The first time a boy asks for a blow job or a girl summons the courage to tell her lover that they are licking entirely the wrong spot is difficult at best. Most of us fumble these simple interactions the first time around, it's understandably awkward. Words fail, the great majority of young lovers resort to jabberwocky. "Gimble in the wabe" might be all many of us can manage that first time out. But as adults we can, and must, speak adult language: "I want to cum in your hair." - Whatever the desire, no matter how odd, or off the beaten path, your lover has a right to make his or her own decision, and to do so they need to know what they are being asked. 

I have no doubt that the Wall Street Titians, who are wholly responsible for the economic mess we are in, are very comfortable telling people they want to fuck them in the ass. It is what they do. They don't need to mimsy their way through that situation. A general strike is illegal in the US. The Occupiers are asking us to transgress, to do something a little naughty. It isn't entirely like asking for anal sex. As long as it is consensual, it isn't perverse - but it is risky. The Occupiers need to speak in unambiguous language so we know they aren't perverts. If they want me to get in bed with them on this (politically), I want to know exactly what it is that they want.

I can tell you what I want: I want to close the widening gap between the richest Americans and the poorest. I am convinced that growing economic inequality is the single greatest threat to our republic - the root of our all our problems. The easiest way to close that gap is by taxing the wealthiest (especially "capital gains" earners like Mitt Romney) at a much higher rate, and using that money to fund education and health care for all Americans.
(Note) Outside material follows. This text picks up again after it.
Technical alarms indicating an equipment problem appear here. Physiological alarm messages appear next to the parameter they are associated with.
Any program solely for the poor will be subject to attack (see Welfare). The model should be Social Security, basic programs everyone gets that can be supplemented privately, so they are something everyone is invested in it but not limited by. This would make these programs immune to "Welfare Queen" attacks, but also immune to fear mongering about the "loss of choice."
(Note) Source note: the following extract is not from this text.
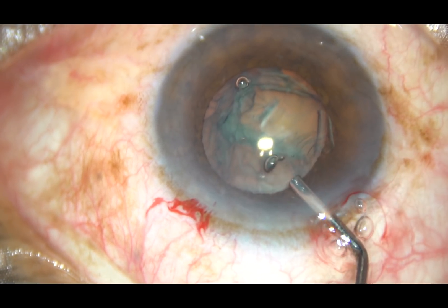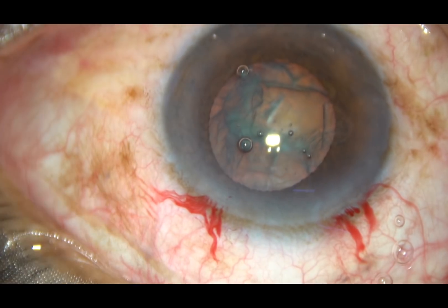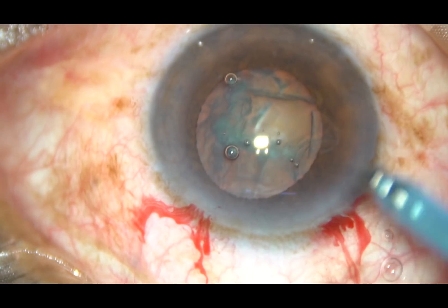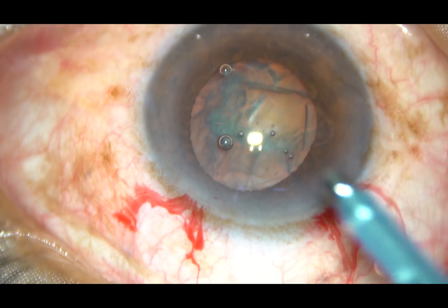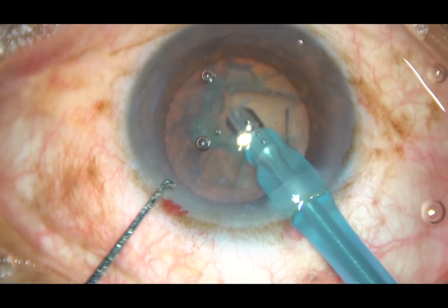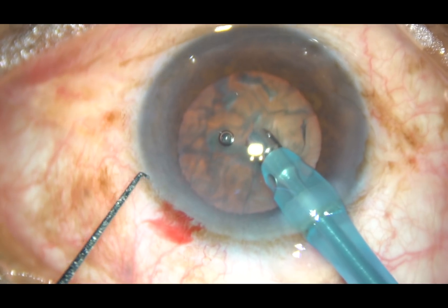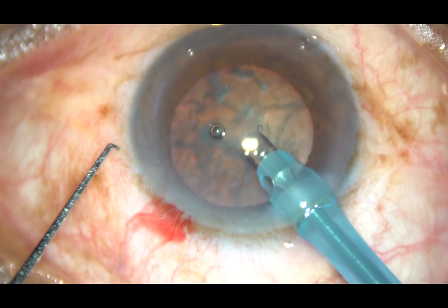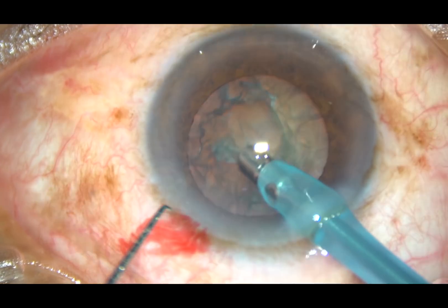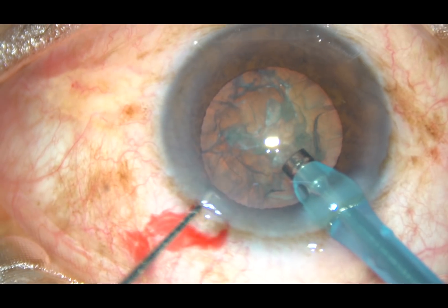Mobilizing the nucleus, and I can see that the nucleus is rotating freely. Viscoelastic is again injected, and now management of the nucleus begins. The tip of the phaco handpiece is being introduced into the anterior chamber. This is an OCOS 3+ phacoemulsification.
Now that I told you what I want, in clear unambiguous (if still general) terms, you can decide whether or not you want to do that with me - if it is something you're into or not. You know I am not trying to get you into bed with me (politically) by making baby talk, only so I can spring some fucked-up-bullshit on you. You may have questions about my aims, but now you can ask me about them and expect clear answers. You may not want to do exactly the same things as me, but you may have things you want to do that aren't on my agenda. Because I have spoken clearly you can reasonably expect that you have nothing to fear by speaking clearly in turn. Niether of us may get exactly what we want, but we can certainly get more than we would have through baby talk, and no one is going to feel cheated in the end. This is how adults behave.